The problem. Write each line out exactly, from the one containing "Một trung tá" through the final line of the data, and keep pictures out of the copy.

Supplied material: Begin

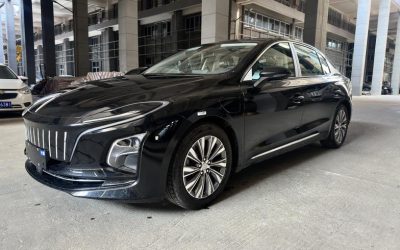 Полный экстерьер Hongqi E-QM5 2024, китайский подержанный седан на продажу, электрический, 2WD, премиальный тип кузова. Узнайте цену, характеристики и обзоры этого авто.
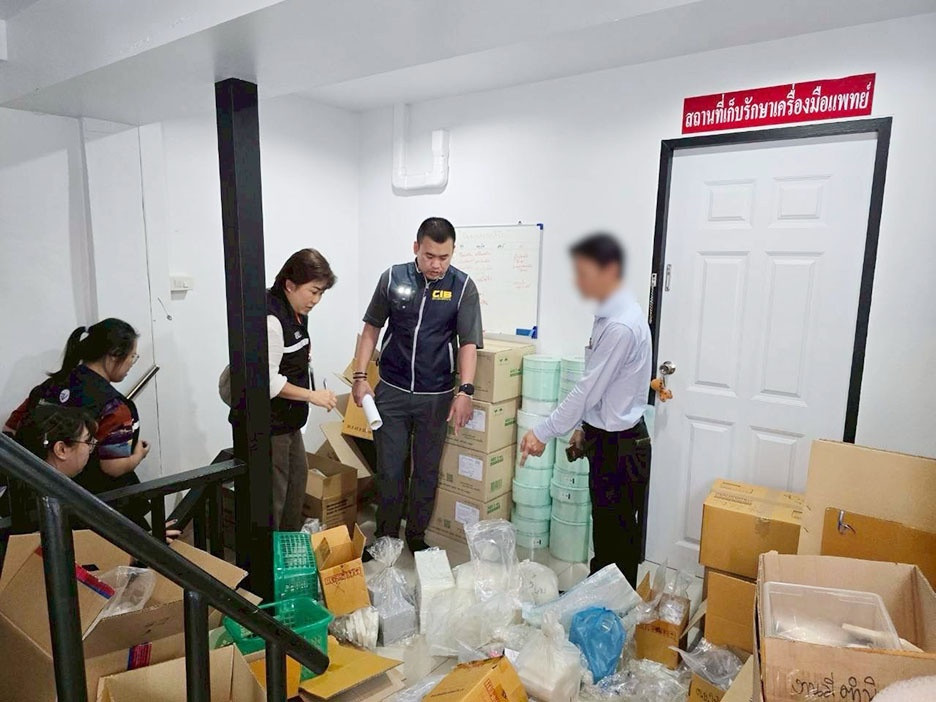 Một trung tá chỉ huy cuộc đột kích, triệt phá đường dây buôn bán silicon giả cho cơ sở thẩm mỹ viện, tịch thu 15.000 sản phẩm trị giá hơn 6 tỷ đồng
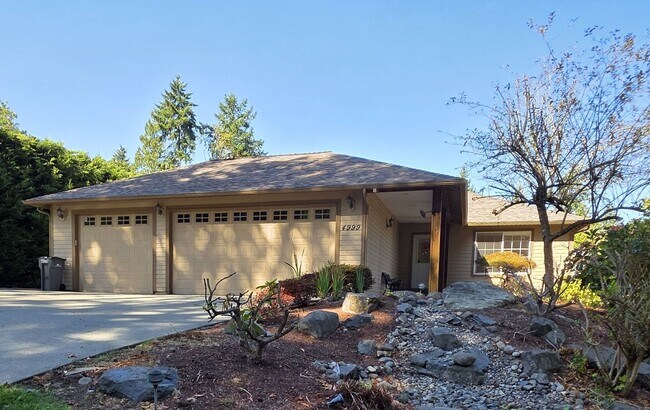 Photo - One-Story Home with Sound View in a Desira...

Supplied material: End

Answer for this exercise.
 Một trung tá chỉ huy cuộc đột kích, triệt phá đường dây buôn bán silicon giả cho cơ sở thẩm mỹ viện, tịch thu 15.000 sản phẩm trị giá hơn 6 tỷ đồng
 Photo - One-Story Home with Sound View in a Desira...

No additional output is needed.